Minha casa é no cemitério

Brasileiro fotografa famílias que trabalham, estudam e até tomam banho ao lado de ossadas nas Filipinas

Beatriz Montesanti Do UOL, em São Paulo
Gustavo Gusmão

Em um cemitério, um colchonete é encaixado em meio a tumbas e jazigos. Sobre lápides, jovens estendem uma rede de vôlei e, ao lado de um funeral, crianças tomam banho.

Essa é a rotina não de um, mas de diversos cemitérios de Manila, capital das Filipinas, onde cerca de 6.000 pessoas, sem ter onde morar em uma das cidades mais densas do mundo, encontraram entre os mortos um lugar para viver.

Os cemitérios-favela têm hoje escolas, comércio e o próprio sistema de transporte. Seus moradores se ocupam de ofícios diversos, a maior parte associada ao mercado fúnebre. Por mais mórbido que soe, é um estilo de vida.

O fotógrafo paulistano Gustavo Gusmão vivia no país asiático havia pouco mais de três meses quando passou a frequentar essas comunidades. Sua estadia se estendeu por dois anos e o resultado dessa experiência foi o projeto Limbus, ensaio composto de 15 fotografias saturadas que registram o dia a dia da população à margem da sociedade filipina.

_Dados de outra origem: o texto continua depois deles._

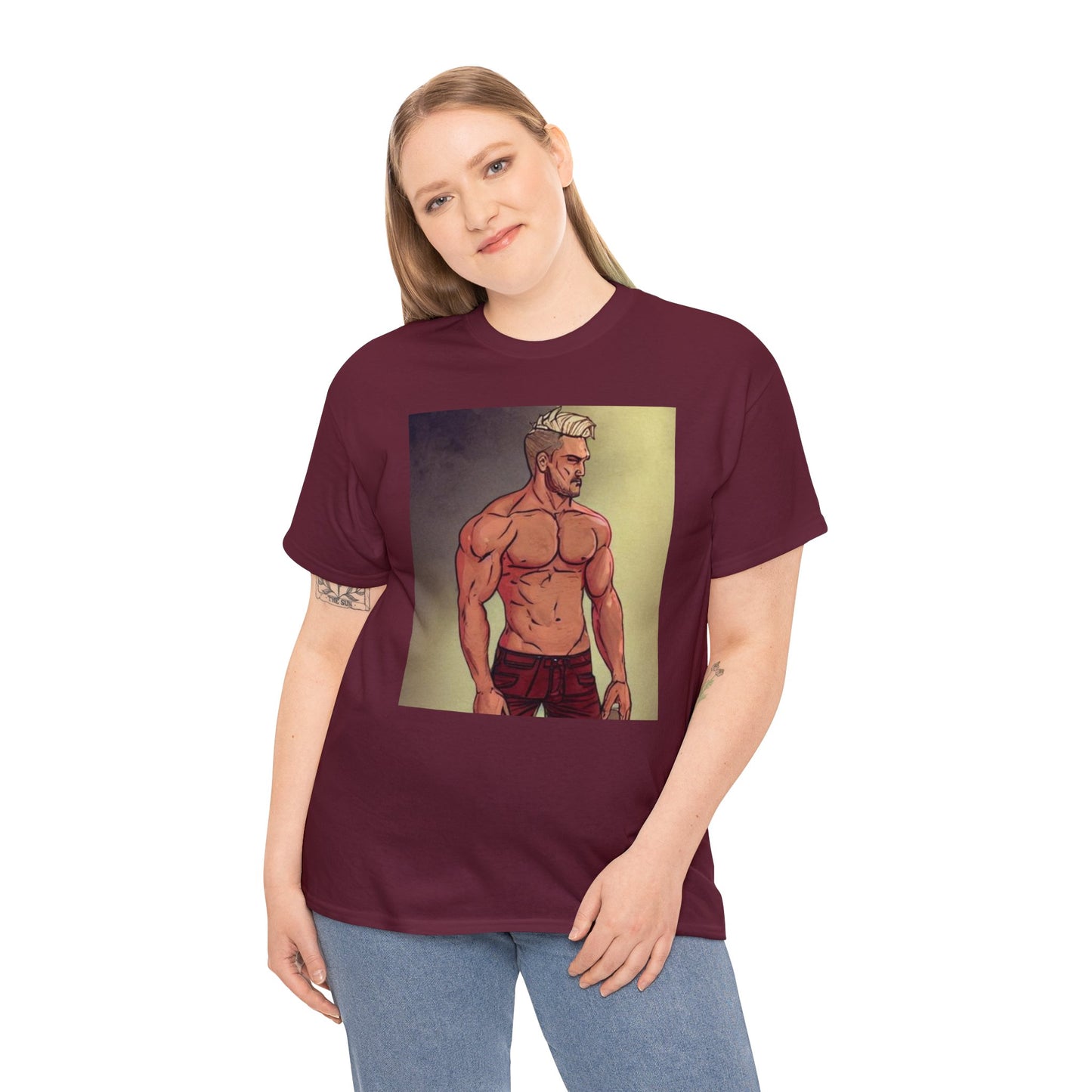 TShirt - Unisex Cotton - BLONDE MALE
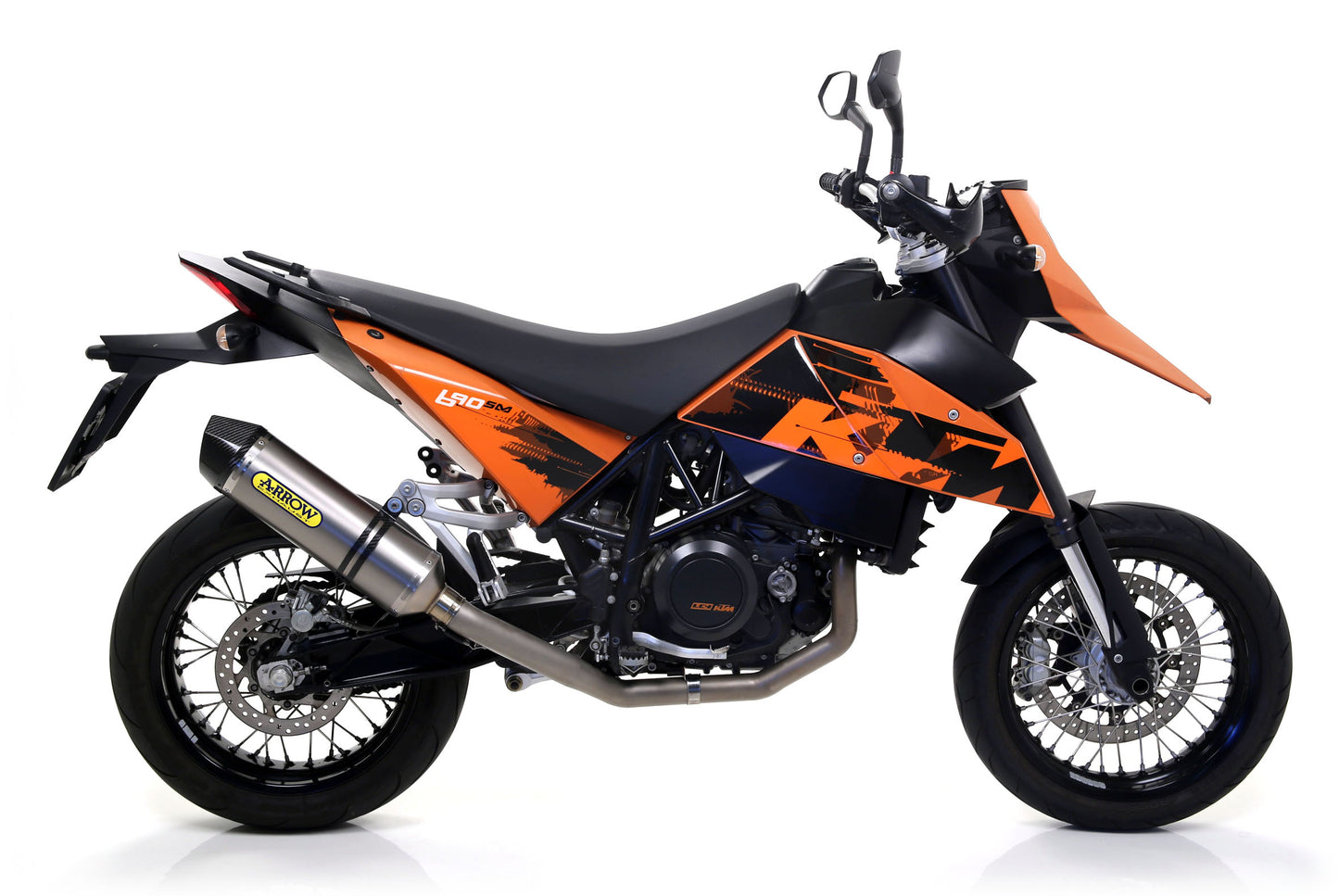 Arrow Exhausts for the KTM 690 SM 2006/2012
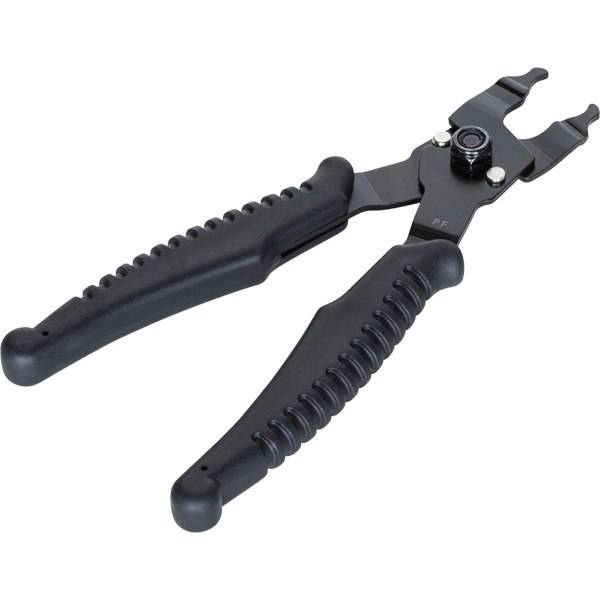 PRO Quick Link Pliers for chain maintenance, featuring sprung design and ergonomic grip for easy workshop use.
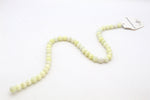 Ivory Jasper Round Gemstone Beads 16'' Strand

“Eu sabia que até eu realmente entender o que é esse modo de vida demoraria um tempo. É uma realidade muito diferente da nossa. Envolve muitas questões, para além da pobreza, da miséria. Envolve um modo de vida. É complexo”, diz o fotógrafo em entrevista ao UOL

O nome do projeto, Limbus, veio da ideia de ser um lugar à margem da sociedade, resultado do descaso de autoridades e do esquecimento de populações inteiras.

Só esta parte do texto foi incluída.